思うに、山の桜花をその美しさや華やかな風情を感傷的に綴るのではなく、山と桜が一体となった情景をたんたんと詠んでいる点が、世間の一般的なお花見や伝統的和歌の世界に対する風刺となっているのではないでしょうか。
どこか正岡子規にも通じるものがありますね。
下級武士でありながら、武士や町人たちの身分を越えた交流をすすめた蜀山人は、江戸時代後期に花開いた絵画や文芸など江戸庶民文化の立役者であったわけです。
ところで、今回の品は本物でしょうか?
以前の真贋鑑定本のブログで書きましたが、実は、蜀山人には代筆人がいたようです。人気作家であった蜀山人には、専任の代筆(二代目蜀山人、亀屋久右衛門)がいて、宴席にも同伴したと言われています。依頼する人も、代筆を承知で書を所望した(^.^) 蜀山人は、昼と夜の顔の使い分けた有能な幕府官吏でもありました。
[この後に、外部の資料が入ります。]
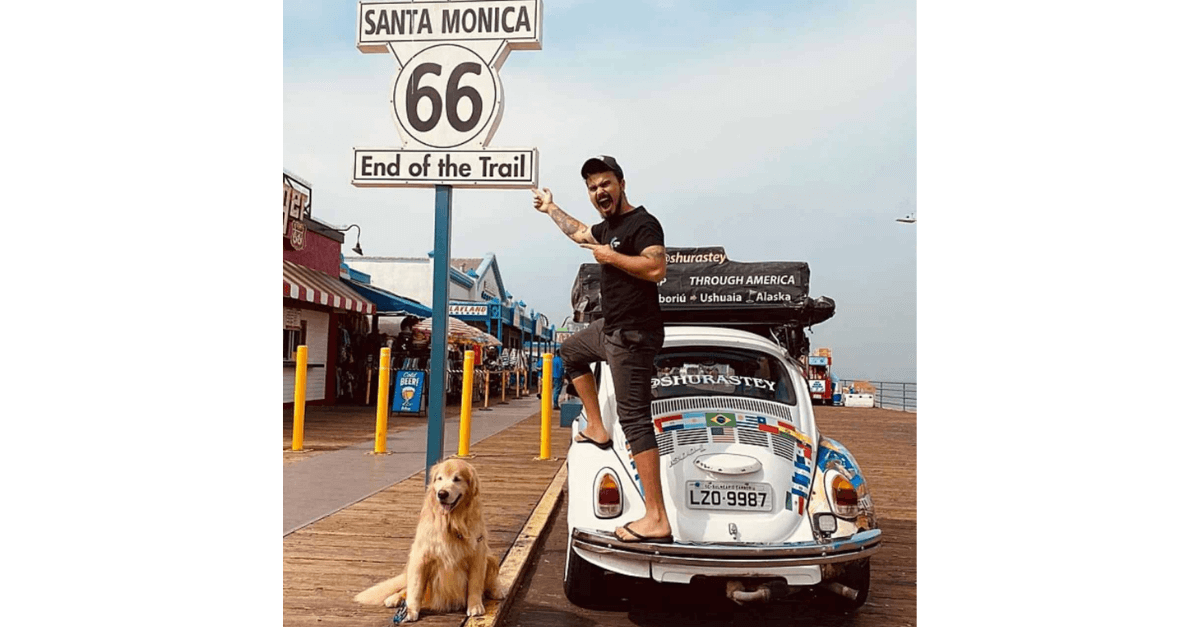 Saiba mais sobre o acidente que vitimou Shurastay e Jesse.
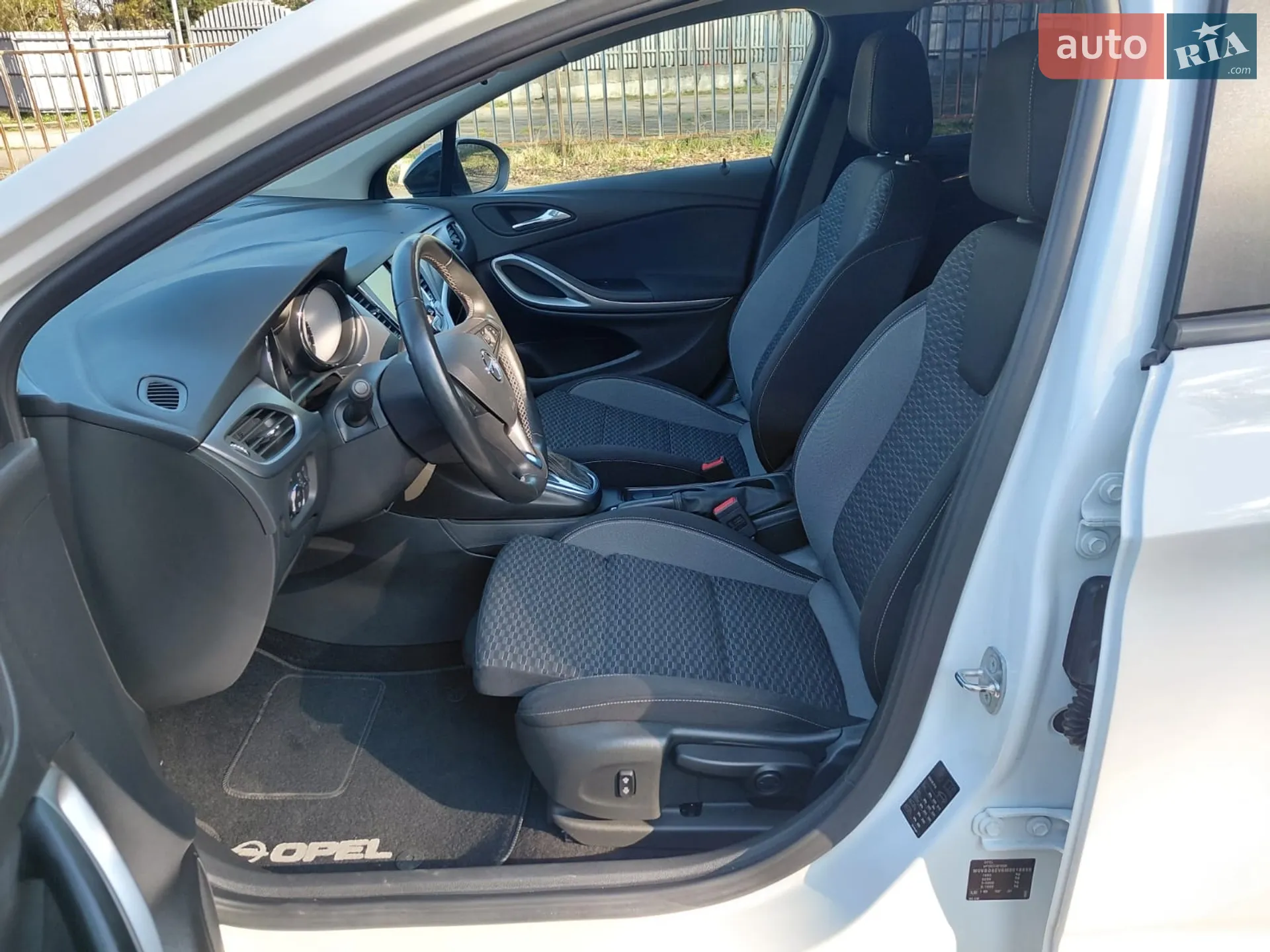 2021 Opel Astra - мініатюра 37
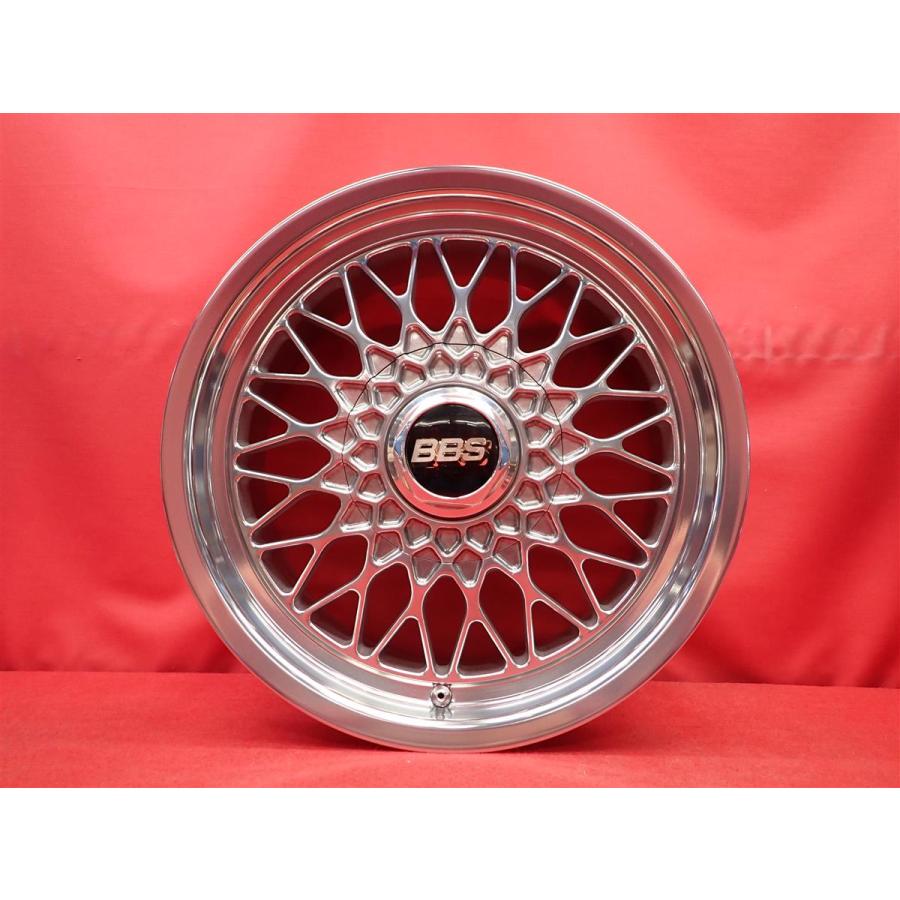 鍛造 軽量 1本6.7kg BBS RG RG049 中古ホイール 4本 7J 16インチ
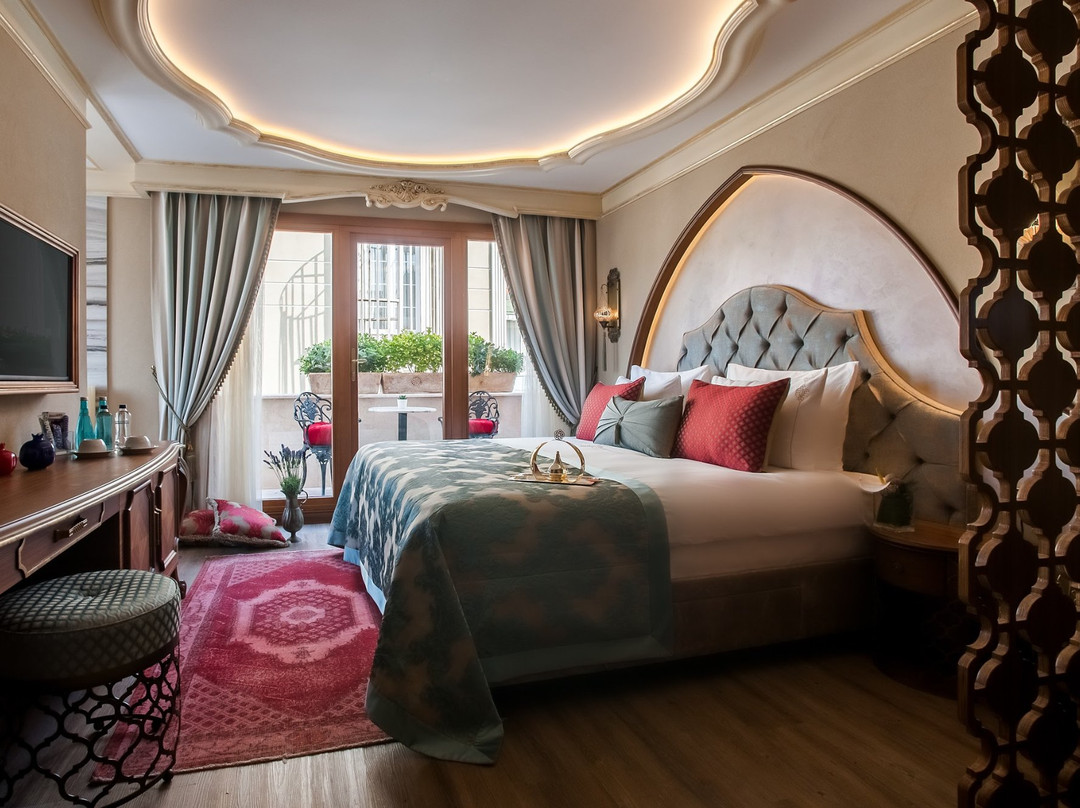 Romance Istanbul Hotel主图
公認代筆人を置くなどは、洒落の一つに過ぎなかったのかもしれません。
いかにも蜀山人らしい筆致の今回の品は、代筆さんの作品と考えた方がよいと思います。
本物は、もっと下手(蜀山人らしくない)(^^;
代筆人を公然と置くなど、実生活の中でも、世間の一般的な生活に対する風刺を実践していたのかもしれませんね(^_^)
我が家にも、蜀山人のものが1点有ったと思いますので、探し出せたら紹介したいと思います。
ただ、江戸の官僚体制のなかで、二つの顔を使い分けてやっていくのは相当に大変だったでしょう。危ない橋も渡ったのではないかと思います。
Drも蜀山人ものをもっているのですか。ぜひ、ご披露ねがいます。
蜀山人は代筆人がいたというのは面白いです。そんなことが当たり前に通っていたのもなかなか洒落ています笑
本物が代筆人より下手というのもなんとも皮肉というか美術品としてはどうなのかと面白いですね(^^)
蜀山人に限らず、あの大物、谷文晁も弟子に印章を預けていたらしい(^^;
こうなってくると、何が本物か、難しいです。